What does Whole House Retrofit mean to me?
In the 21st Century, one of the key considerations for any homeowner is the energy efficiency of the property. With fuel prices continuing to rise, as well as an environmental imperative to both reduce energy consumption and also to adopt more sustainable energy sourcing, it’s clear that there is a need to “future proof” homes to enable them to operate in as green a manner as possible. Over the years, most homes will have had a variety of alterations. These not only alter the internal environment, but they may also have an effect on the energy efficiency of the home. Because alterations, renovations and fresh features are usually completed in a piecemeal fashion, homes can end up with a mixture of features, some of which don’t work well together in terms of creating an energy-efficient property. In these circumstances, a whole house retrofit is often the best solution.

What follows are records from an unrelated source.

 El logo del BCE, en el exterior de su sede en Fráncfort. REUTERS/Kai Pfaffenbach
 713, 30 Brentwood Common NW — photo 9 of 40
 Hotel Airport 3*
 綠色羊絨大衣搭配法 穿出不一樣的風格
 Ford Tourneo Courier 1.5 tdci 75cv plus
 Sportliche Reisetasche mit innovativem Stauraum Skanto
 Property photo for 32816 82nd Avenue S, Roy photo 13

Past and future statistics on energy efficiency in UK homes
It has been recognised by the government and other key partners for a number of years that there is a need to reduce domestic energy consumption. In 2013, the government, in partnership with energy providers, began the implementation of the Energy Company Obligation (ECO) initiative. This had the aim of reducing carbon emissions by providing home improvements for householders. The scheme has continued in various phases since. By 2022 the aim is for 1 million homes to be improved. As at May 2019, figures show that 880,000 homes have been improved. By March 2019, it is estimated that around 38.0 MtCO2 has been prevented from entering the atmosphere, with provisional estimated lifetime energy savings up to 150,600 GWh.

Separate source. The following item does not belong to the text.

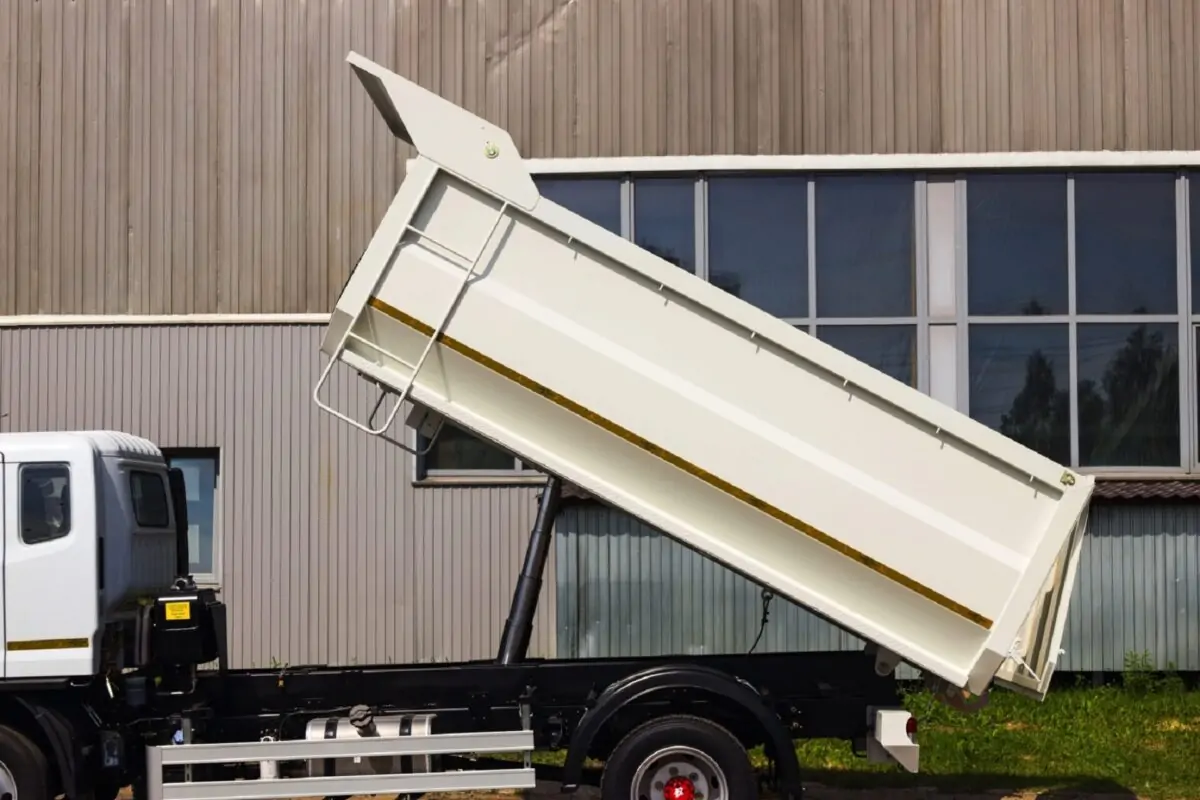 C120s dongfeng подъем кузова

It is thought that reductions in carbon emissions will result in an overall reduction in greenhouse gases, reducing the currently observed phenomena of global warming. Given that fossil fuels are a finite resource, it’s also important to conserve reserves – energy-efficient home improvement measures go some way to achieving this. An increase in the use of sustainable energy sources is also needed, which is where initiatives such as the government’s RHI (Renewable Heat Incentive) can help.

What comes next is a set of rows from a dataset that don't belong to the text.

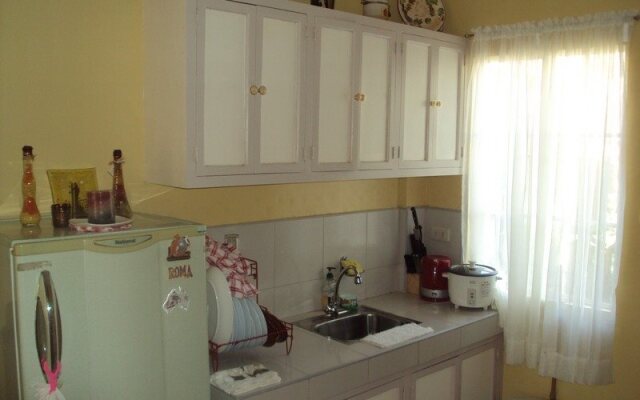 FGL Guesthouse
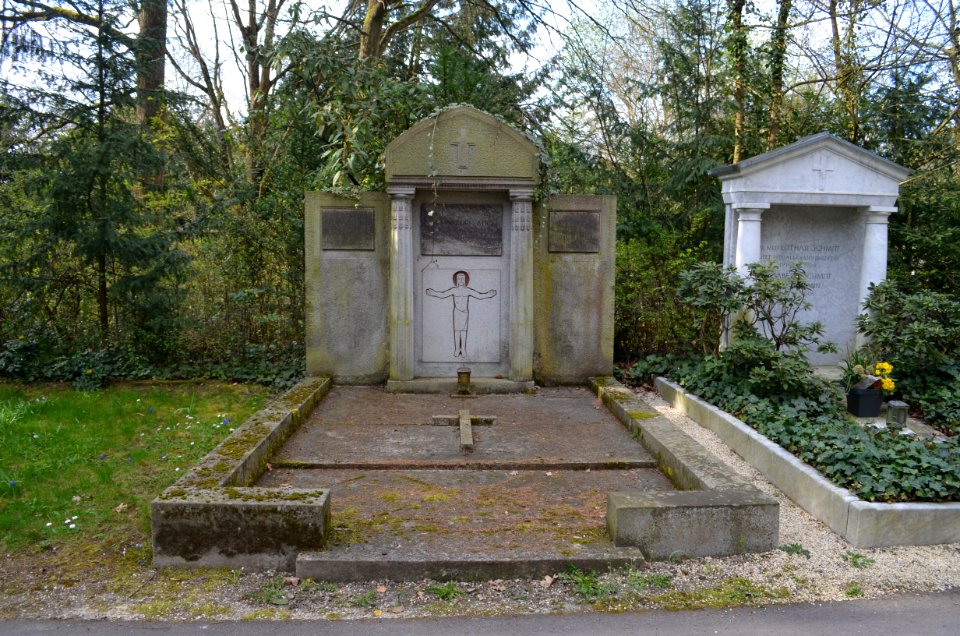 Limburg, Hauptfriedhof, Grab Reuter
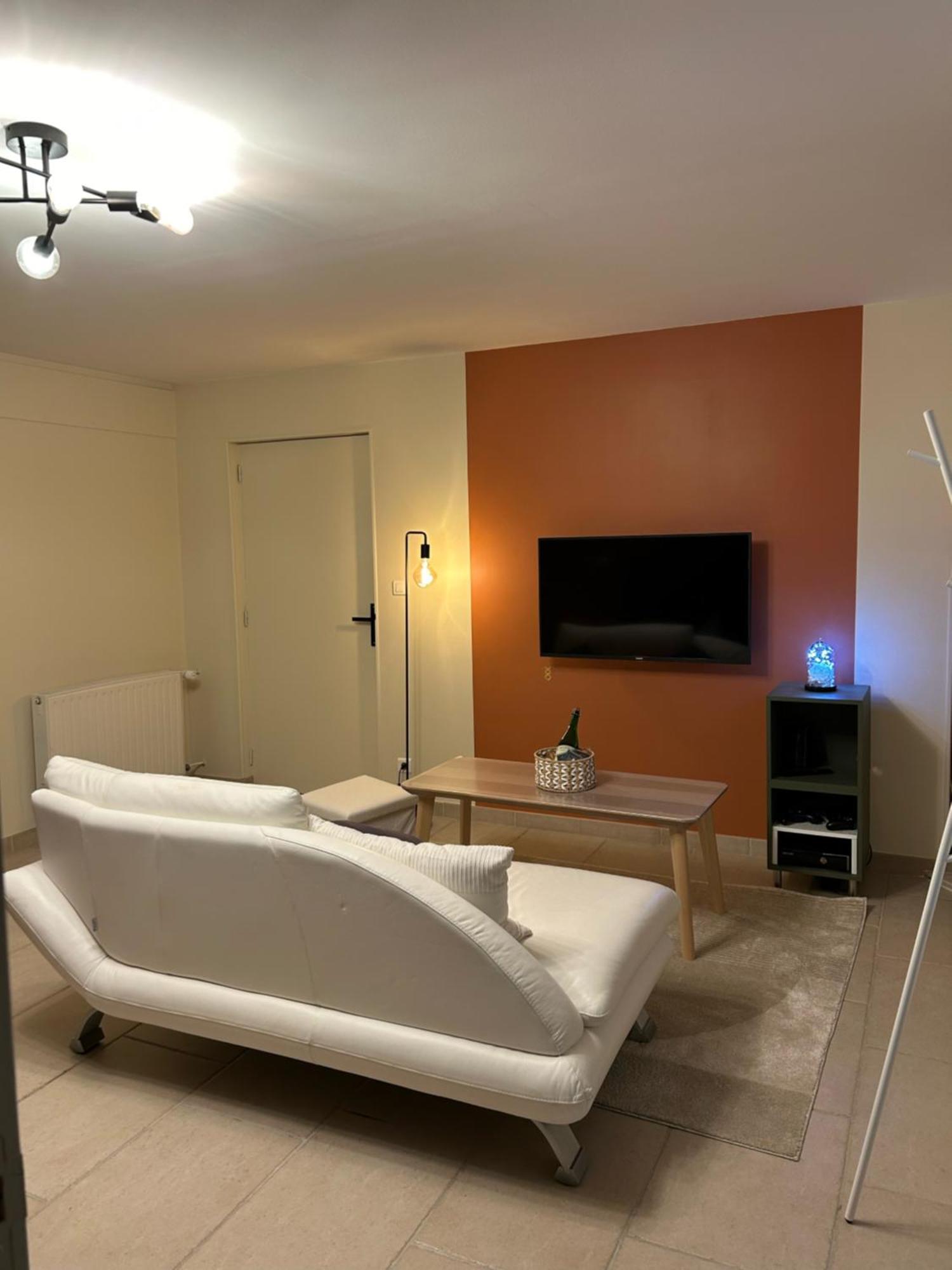 לוק-סור-מר Logement Cosy Et Moderne מראה חיצוני תמונה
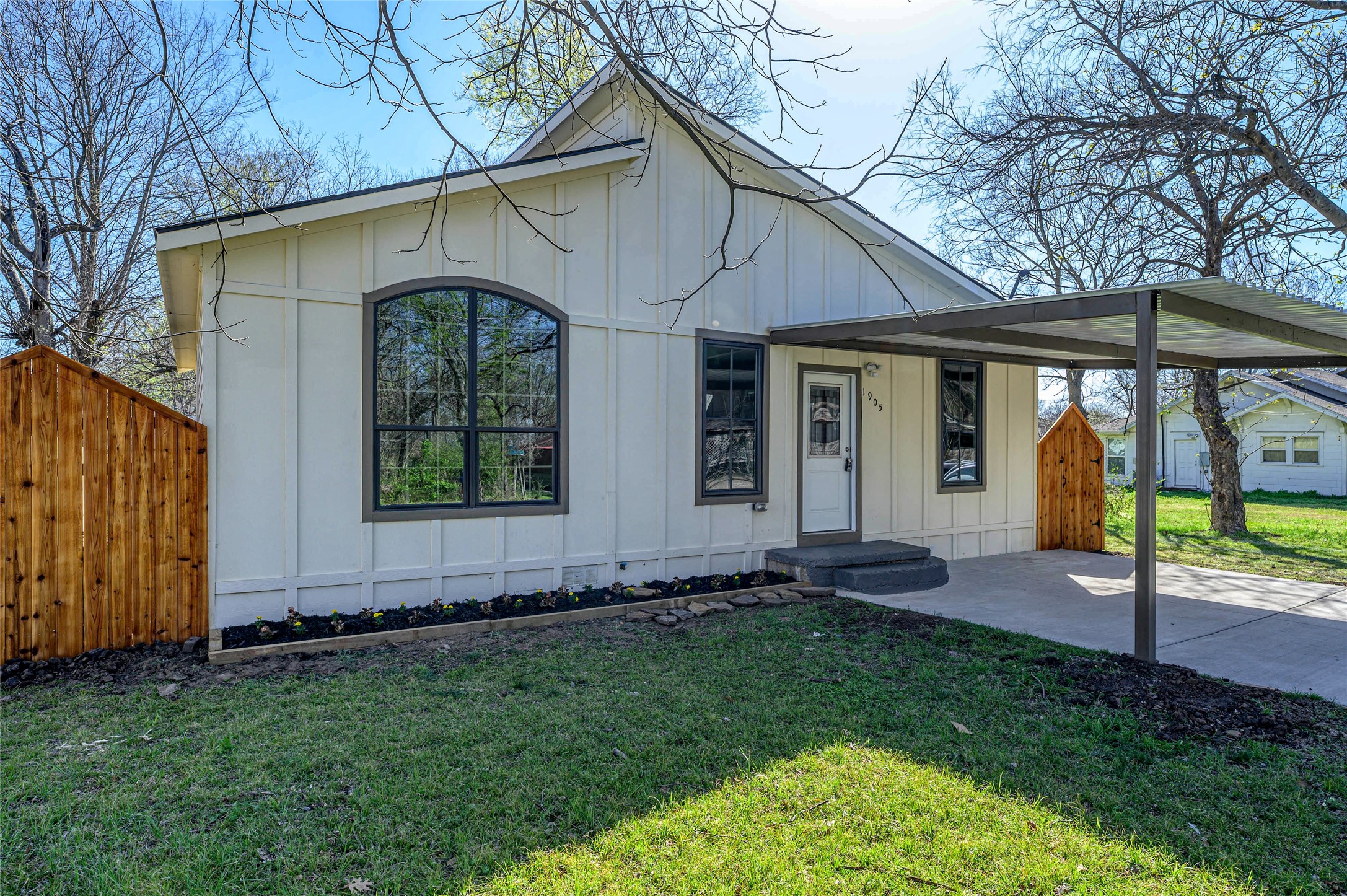 1905 S Walnut Street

What is a whole house retrofit?
At its most basic, a whole house retrofit is a comprehensive plan for home improvements. It’s devised with the aim of ensuring that a property operates in as energy-efficient a manner as possible, with all aspects of the building complementing each other. If carried out correctly, the end result should be a home that’s not only in excellent condition but which also incorporates cutting-edge 21st Century technology in order to be as close to carbon-neutral as possible. A whole house retrofit ensures that improvements are carried out in an organised, sensible order, with installations and refits complementing each other rather than working against each other. A retrofit also enables key issues such as air quality, damp management and ventilation to be managed appropriately. If you want to bring your home up-to-date with a series of enhancements which will mean it’s ready to face a low-energy future, a whole house retrofit could be exactly what you’re looking for.
Why is there a need for a retrofit approach?
Piecemeal improvements may work well but tend to be carried out in isolation, without consideration of the knock-on effects on whole house variables. For example, many homeowners will have had a chimney blocked off, or draughty wooden window frames replaced with modern PVC or PU options. Whilst these improvements will reduce heat loss, they may also have a knock-on effect on ventilation, causing an increased build-up in moisture. Without additional ventilation measures being taken, there’s a danger that humidity will rise to an unacceptable level, potentially increasing the risk of damp and mould.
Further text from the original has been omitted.